After six months of engineering collaboration, automaker FCA and Waymo (the new name for Google's self-driving car project) have introduced a new fleet of 100 self-driving Chrysler Pacifica hybrid minivans that will soon be on the road in Waymo's test markets in California, Washington, Texas and Arizona.
The vehicles aren't nearly as awkward-looking as other self-driving cars you might have seen in photographs (or maybe even in person in certain cities). Instead of a large spinning radar system on the roof, these vans have what could almost pass for an ordinary cargo carrier you'd bolt on the roof for a summer road trip. But instead of skateboards or duffel bags, it stores Waymo's self-driving technology, including a suite of sensors, telematics and other systems. On top is a relatively small, gumball-shaped dome that houses the spinning LIDAR and 360-degree cameras. The brains of the system -- Waymo's purpose-built computer system -- resides behind the third-row seat.

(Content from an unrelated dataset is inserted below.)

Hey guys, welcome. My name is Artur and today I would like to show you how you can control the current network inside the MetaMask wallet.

There are a few odd-shaped gizmos bolted here and there on the outside, containing additional cameras and sensors. But Chrysler did a pretty good job incorporating Waymo's technology into its vans without making them look like complete freaks. By the time fully autonomous cars are mainstream, most of these sensors probably won't be visible at all.

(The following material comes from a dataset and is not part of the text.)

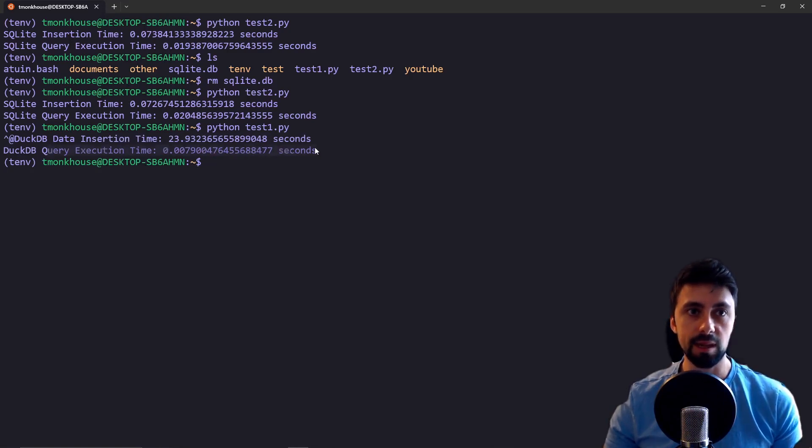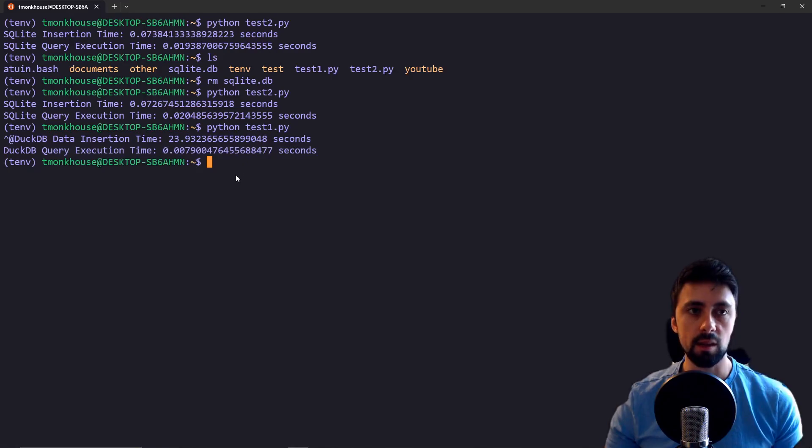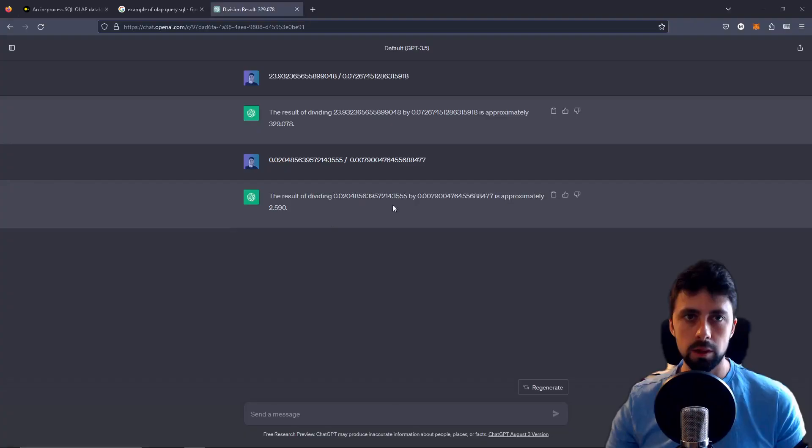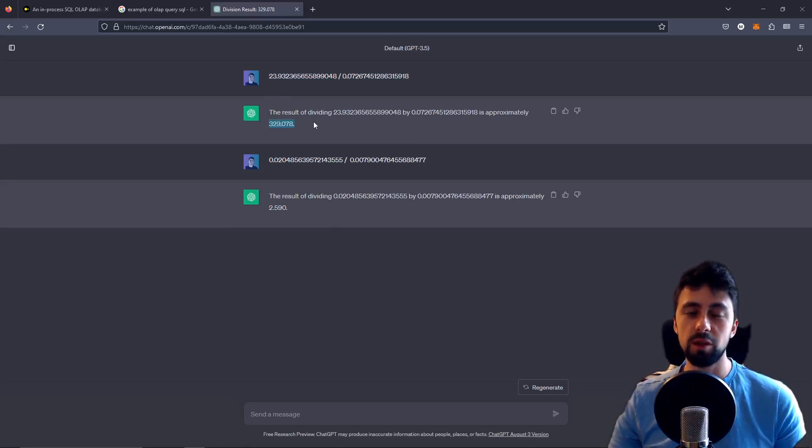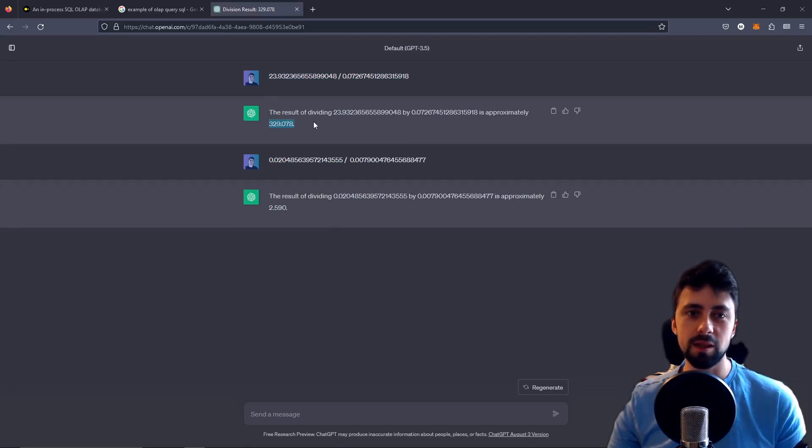However when we were querying the same data, we can see this is significantly faster. So let's get calculator out. Here are the initial results.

The two companies have been developing the vehicles at a facility near Detroit since May 2016. The deal is important for FCA, which - unlike most other major automakers - hasn't been developing autonomous driving technology of its own. Waymo, in turn, wants to refine its self-driving technology on different types of vehicles and needs the robust electrical architecture of a hybrid like the Pacifica.
Besides, a minivan is the ideal vehicle to lead the way toward full autonomy (and not because Mommy can go back to bed while the minivan schleps the kids to school.)
Minivans are the perfect people-movers for geo-fenced areas like congested cities or campuses where fully self-driving vehicles make the most sense and where they will likely be deployed first. Driverless shuttles are an efficient way, for example, to transport employees around a sprawling corporate campus or to help commuters get from the train station to a nearby office tower.
Indeed, Waymo reportedly plans to start a ride-sharing service with Chrysler’s minivans as part of its shift from the laboratory to a commercial enterprise, according to a recent Bloomberg report. Waymo will deploy a semi-autonomous version of the Pacifica for the new service as early as the end of 2017, Bloomberg reported, citing unnamed sources.
Next month in Las Vegas, FCA plans to introduce a fully electric version of the Pacifica at CES, the big consumer electronics show. If I had to guess, those minivan EVs will eventually turn up in Waymo's car-sharing fleet.